Corporations cannot continue to ‘….overlook the well-being of their customers, the depletion of natural resources vital to their businesses, the viability of key suppliers, or the economic distress of the communities in which they produce and sell?’ Instead, companies must take the lead in bringing business and society back together.
‘Shared value is not social responsibility, philanthropy, or even sustainability, but a new way to achieve economic success’ (Michael Porter)
- see more from Prof. Michael Porter under
Source: Michael Porter’s ‘Creating Shared Value’
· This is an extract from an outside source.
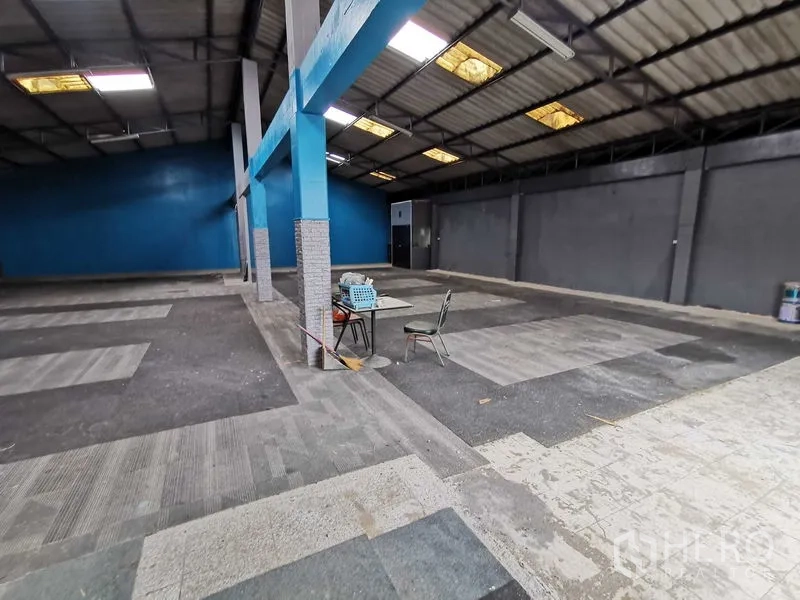 货栈 出租在Nonthaburi - 开放仓库地面，蓝色立柱、灰墙，中间摆放小桌椅。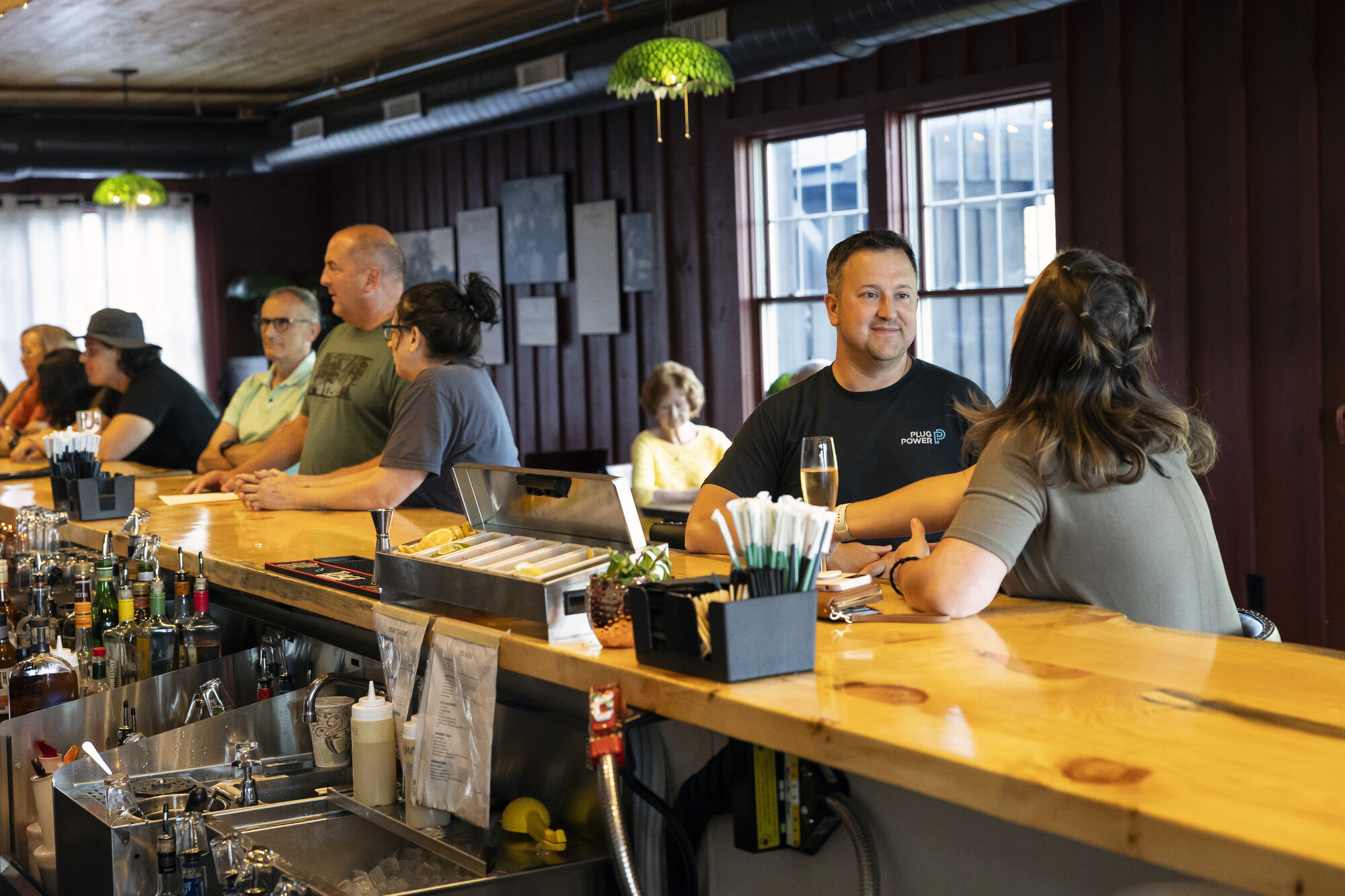 Adults sit at a wood bartop in a cozy restaurant.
SAP’s co-CEO Bill McDermott’s recent article ‘Saving world is good biz strategy’ matches that perfectly. We can ‘…innovate business models around making the world run better and improving people’s lives’ by ‘…creating a new era of responsible growth that protects the planet and benefits everyone’.
That’s why we at SAP continue to invest in (among others)
- Sustainable Supply Chains and Business Networks
- Product Stewardship Network as one example
- A next generation ERP system that accounts for, manages and plans for ‘externalities’, and therefore goes beyond ‘traditional’ enterprise resources like cost, material and labor. (Note: Externalities arise when corporations create social and environmental costs that they do not have to bear, such as pollution – today we do not measure, manage and plan them and therefore do not put a price on it).
- Danone as one example
- Integrated Reporting
- SAP First Integrated Report as one example
SAP infrastructure is responsible for powering approximately 70 percent of the world’s transactions. We have impact.
A narrow interpretation of capitalism has brought us into todays situation. But the awareness of social and environmental problems is different now. We find more and more cases where corporations profit from solving those challenges. I like Michael Porters and Bill McDermotts views from the concept of ‘shared value’, where everyone recognizes that in ‘….societal needs, not just conventional economic needs, define markets’.
My outlook: 2014 will be the year for systemic change, where innovative business processes generate new potential, customers are treated as informed citizens rather than consumers, and investors will base their decisions on sustainability performance next to financial performance.
And last: My favorite books in 2013 (hopefully) fitting into this blog write-up and are highly recommended to be read in the sequence listed, because it rocked my world view (and will probably change yours):
Hot, Flat, and Crowded 2.0: Why We Need a Green Revolution–and How It Can Renew America by Thomas L. Friedman
- Upcycle by William McDonough & Michael Braungart
- Let my people go surfing by Yvon Chouinard (founder & owner Patagonia)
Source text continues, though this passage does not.